Fine Gems International, Helena, Mont., has launched what it is calling its “Montana Blues” campaign to promote the beauty of Montana blue sapphire—America’s only sapphire, the company said in a statement.
The campaign kicked off with a design competition held last summer by the Montana-Wyoming Jewelers Association. Although a category for jewelry featuring Montana sapphire had been in the planning stages for two years, it became a reality in 2002 when Robert Kane, the founder and president of Fine Gems International, decided to offer designers the chance to work with Montana blue sapphire exclusively.
Colorado Springs designer Paul Reilly, whose 14k pendant took first prize in the sapphire category, took advantage of the opportunity, as did 19 of his peers. Indeed, once designing with Montana blue sapphire became an option, this category became the most popular in the competition.
In the past, enthusiasm for Montana blue sapphire was confined mostly to their home state—thanks to its status as the Montana state gem as well as local pride and growing tourist awareness.

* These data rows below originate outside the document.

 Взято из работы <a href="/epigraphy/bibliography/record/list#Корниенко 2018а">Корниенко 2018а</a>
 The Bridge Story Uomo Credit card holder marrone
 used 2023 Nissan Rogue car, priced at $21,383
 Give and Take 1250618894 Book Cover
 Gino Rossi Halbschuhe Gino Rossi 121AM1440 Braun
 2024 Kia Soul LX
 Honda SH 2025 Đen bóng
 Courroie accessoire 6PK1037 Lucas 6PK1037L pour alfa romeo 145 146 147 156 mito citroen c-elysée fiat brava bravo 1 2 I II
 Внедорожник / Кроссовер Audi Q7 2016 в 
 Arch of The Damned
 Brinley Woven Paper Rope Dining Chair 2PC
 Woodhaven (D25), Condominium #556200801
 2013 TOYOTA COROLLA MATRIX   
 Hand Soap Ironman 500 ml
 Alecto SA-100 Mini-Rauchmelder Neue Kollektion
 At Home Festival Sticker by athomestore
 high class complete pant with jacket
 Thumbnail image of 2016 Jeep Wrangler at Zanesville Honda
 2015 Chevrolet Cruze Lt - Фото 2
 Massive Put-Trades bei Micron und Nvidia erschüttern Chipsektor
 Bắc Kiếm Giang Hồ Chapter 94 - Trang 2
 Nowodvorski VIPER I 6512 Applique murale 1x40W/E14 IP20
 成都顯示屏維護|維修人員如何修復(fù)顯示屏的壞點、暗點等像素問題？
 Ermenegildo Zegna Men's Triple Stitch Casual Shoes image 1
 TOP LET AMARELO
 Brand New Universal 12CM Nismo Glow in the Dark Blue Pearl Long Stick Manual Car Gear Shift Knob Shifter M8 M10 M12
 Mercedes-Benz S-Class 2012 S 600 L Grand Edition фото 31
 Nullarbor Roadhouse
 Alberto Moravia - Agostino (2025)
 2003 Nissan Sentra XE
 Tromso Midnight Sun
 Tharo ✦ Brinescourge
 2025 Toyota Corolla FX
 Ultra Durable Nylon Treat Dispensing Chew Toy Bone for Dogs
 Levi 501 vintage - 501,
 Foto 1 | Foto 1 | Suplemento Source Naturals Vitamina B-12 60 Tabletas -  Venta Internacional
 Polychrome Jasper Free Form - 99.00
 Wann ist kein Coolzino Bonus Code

But Kane says aesthetic, economic and gemological factors are contributing to quickly widening demand for Montana blue sapphire.
“For years, consumers have been used to seeing predominantly inky-blue, overly dark sapphire from Australia and Thailand in jewelry stores,” he explains. “But with the surge in production of Montana stones in recent years, they are being shown sapphires with lighter tones and greater brilliance.”
Gemology is also bound to play a role in this decision. Montana blue sapphires, like nearly all blue sapphires, owe their beauty to heat treatment. “But the fact that Montana blues are heated without the use of controversial chemicals used by some treaters leaves them free from suspicion and the threat of future scandal,” says Kane.
Fine Gems International has the world’s largest stock of Montana sapphire—thanks to its 2001 acquisition of the entire inventory of American Gem Corporation, which mined at Rock Creek, Montana’s richest alluvial sapphire deposit, in the mid-1990s. Blue to green-blue are the most predominant colors in this large selection of sapphire.